======== RECORD SET

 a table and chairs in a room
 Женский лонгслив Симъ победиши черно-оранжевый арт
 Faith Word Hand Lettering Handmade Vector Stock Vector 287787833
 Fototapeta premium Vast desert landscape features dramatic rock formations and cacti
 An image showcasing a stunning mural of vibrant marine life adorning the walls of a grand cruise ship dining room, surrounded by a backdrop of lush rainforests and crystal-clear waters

================
======== RECORD SET

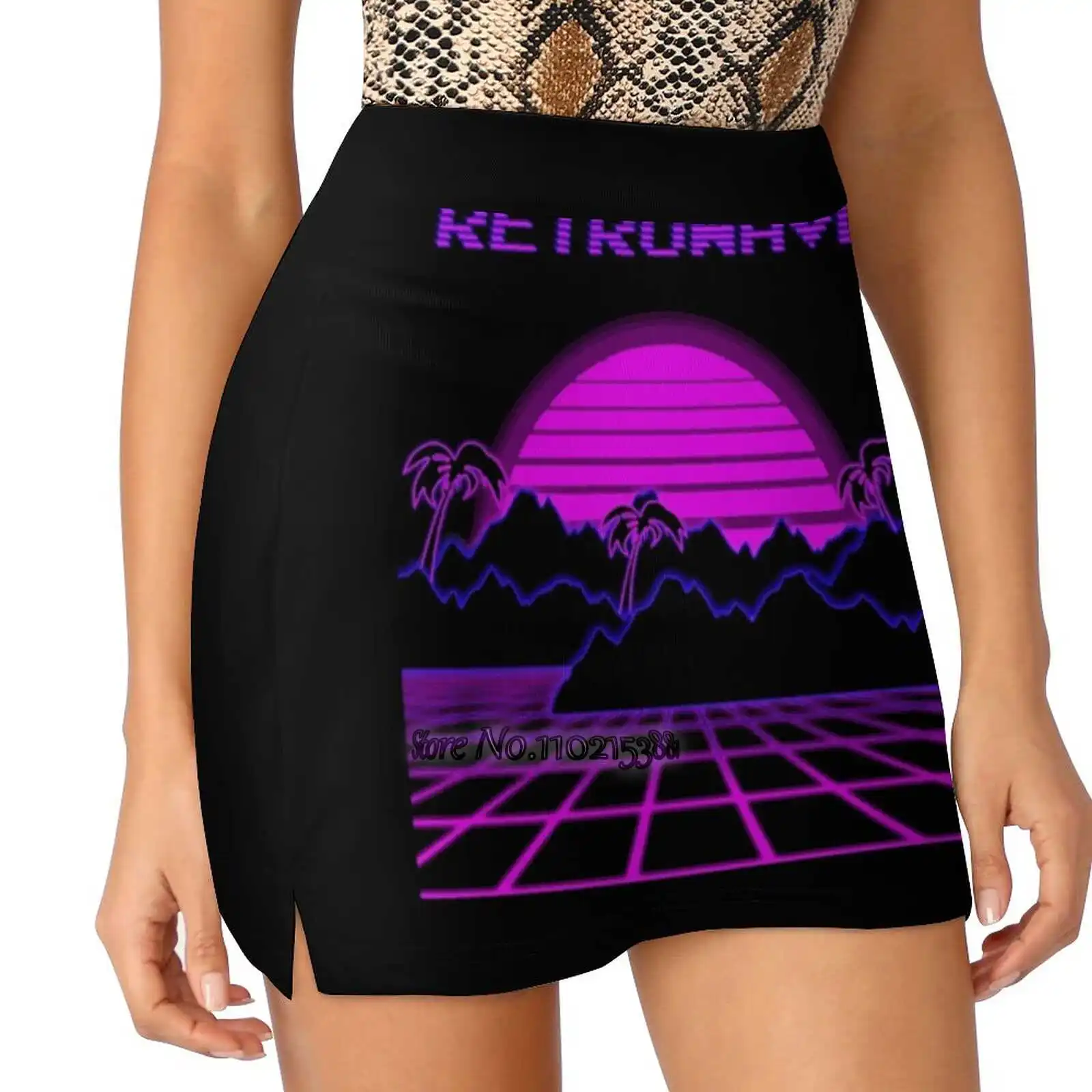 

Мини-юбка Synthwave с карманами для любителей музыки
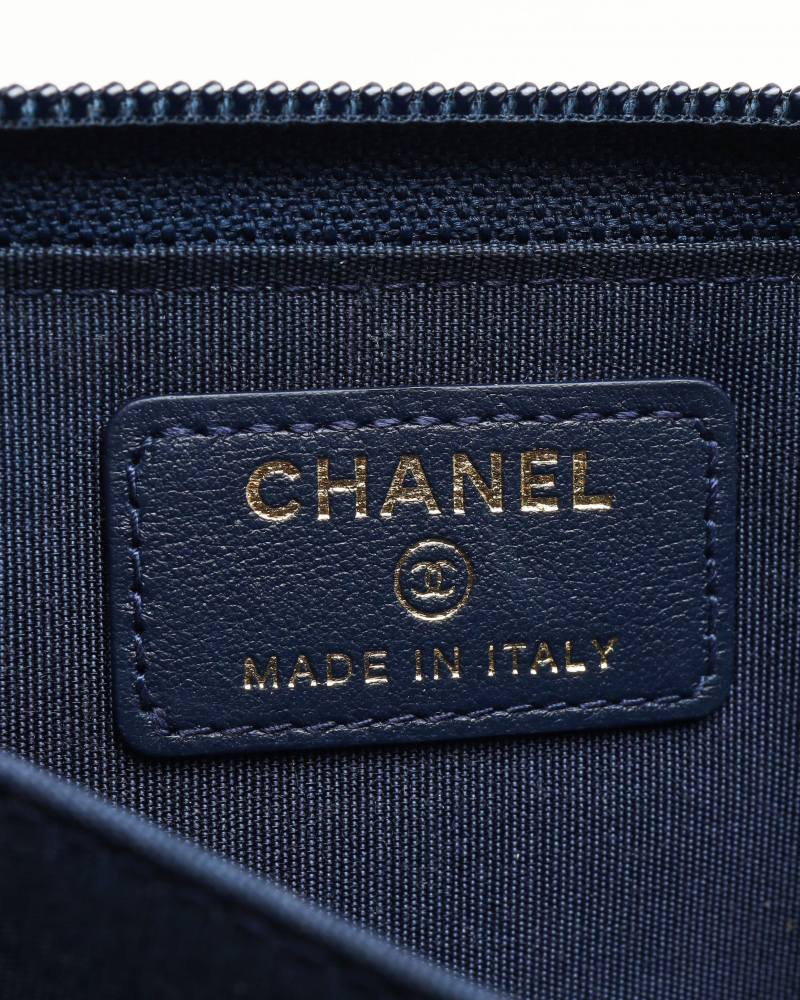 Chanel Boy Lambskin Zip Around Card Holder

================
======== RECORD SET

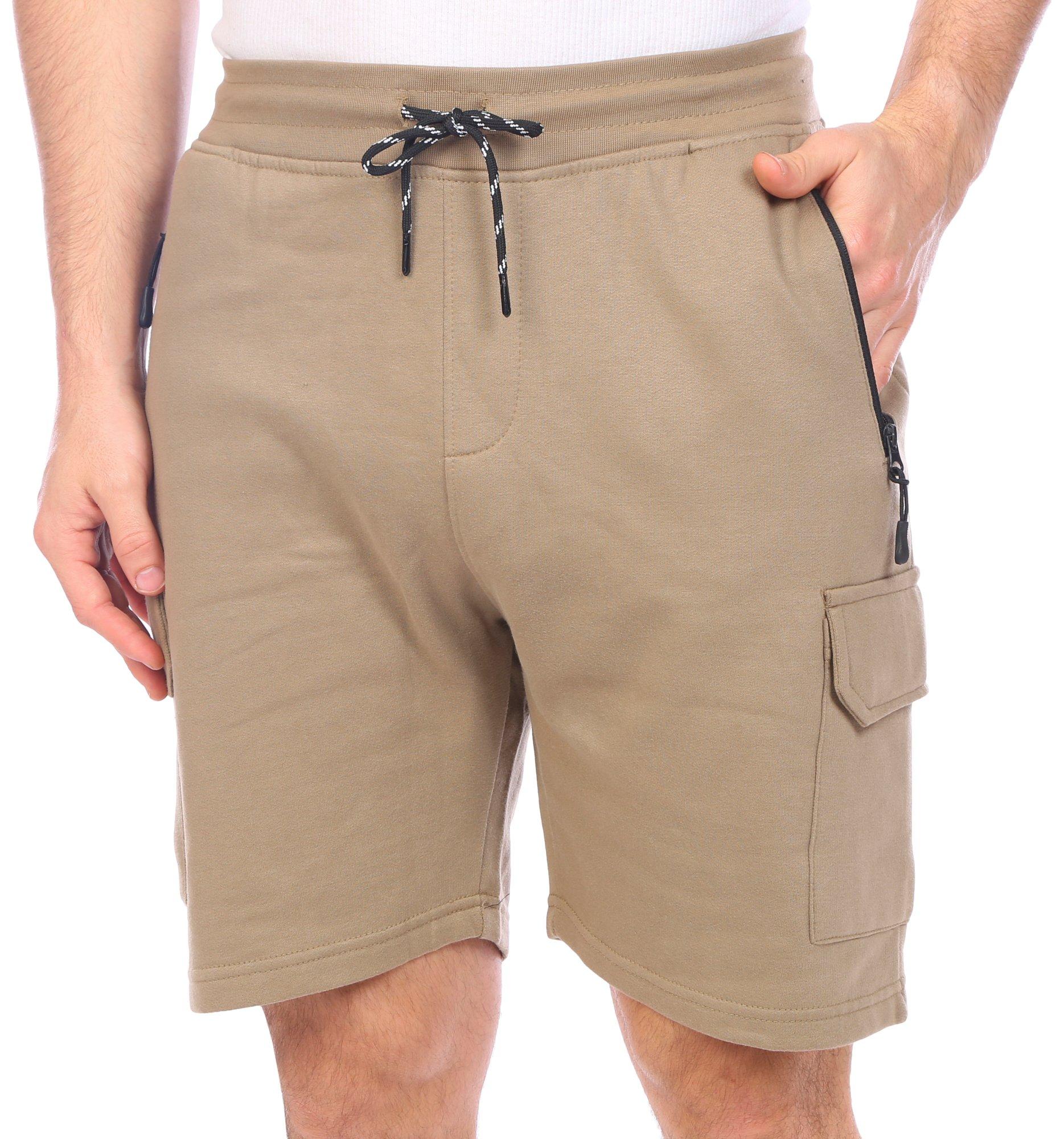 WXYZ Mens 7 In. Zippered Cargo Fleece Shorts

================

Keep both end lines and retype everything in the records above from the line containing "a table and chairs in a room" through the line containing "An image showcasing", exactly, with nothing else.

 a table and chairs in a room
 Женский лонгслив Симъ победиши черно-оранжевый арт
 Faith Word Hand Lettering Handmade Vector Stock Vector 287787833
 Fototapeta premium Vast desert landscape features dramatic rock formations and cacti
 An image showcasing a stunning mural of vibrant marine life adorning the walls of a grand cruise ship dining room, surrounded by a backdrop of lush rainforests and crystal-clear waters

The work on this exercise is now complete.